LAURENCE MONNAIS is an assistant professor, Department of History and Centre for East Asian Studies, University of Montreal. Her first book was entitled, Médecine et colonisation. L’aventure indochinoise, 1869–1939.
ALECK OSTRY is an associate professor in the Department of Healthcare and Epidemiology, Faculty of Medicine, University of British Colum- bia, and is the recipient of a Canadian Institute for Health Research New Investigator award.
SHARON L. RICHARDSON, past president of the Alberta Association of Registered Nurses, is an associate professor of Nursing, University of Alberta.
NAOMI ROGERS is an associate professor in the History of Medicine and Women’s, Gender and Sexuality Studies at Yale University. She is the author of Dirt and Disease: Polio before FDR and An Alternative Path: The Making and Remaking of Hahnemann Medical School and Hospital in Philadelphia.
MYRA RUTHERDALE is the author of Women and the White Man’s God: Gender and Race in the Canadian Mission Field and an assistant professor of history at York University in Toronto.
JUDITH SEALANDER is a professor of history at Bowling Green State University, Bowling Green, Ohio. She is the author of five books, most recently The Failed Century of the Child: Governing America’s Young in the Twentieth Century.

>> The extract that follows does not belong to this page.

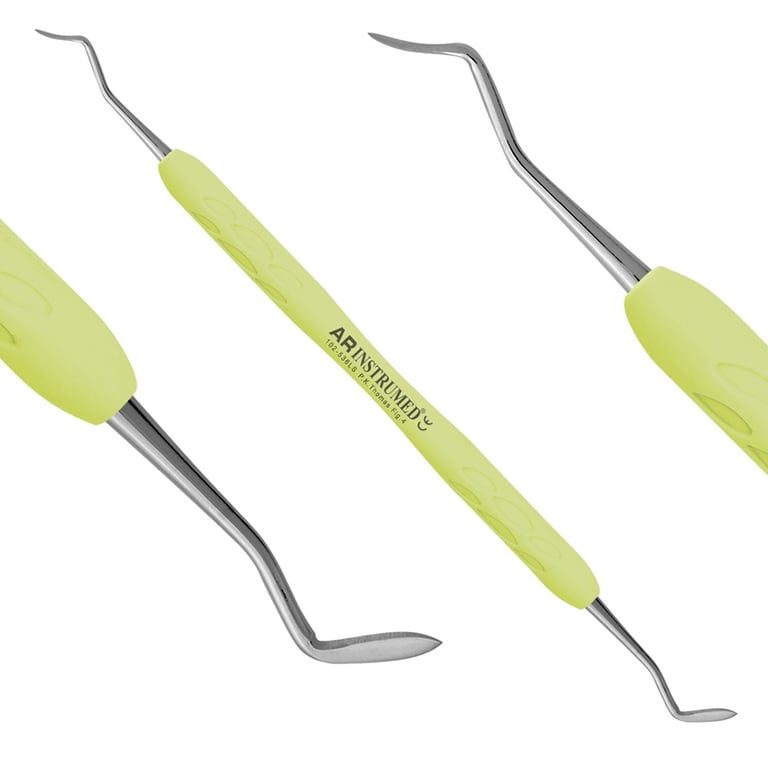 AR Instrumed Stainless Steel P.K. Thomas Wax Carver, Curved, Yellow, 1/Pk. Features yellow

MARGARET TENNANT is a professor of history at Massey University, New Zealand. She has primarily published in the areas of women’s and welfare history, and recently co-edited Past Judgement: Social Policy in New Zealand History.
DAVID THEODORE is a research associate on the project Medicine by Design at the School of Architecture, McGill University. He is a regular contributor to Azure, Architecture, and Canadian Architect.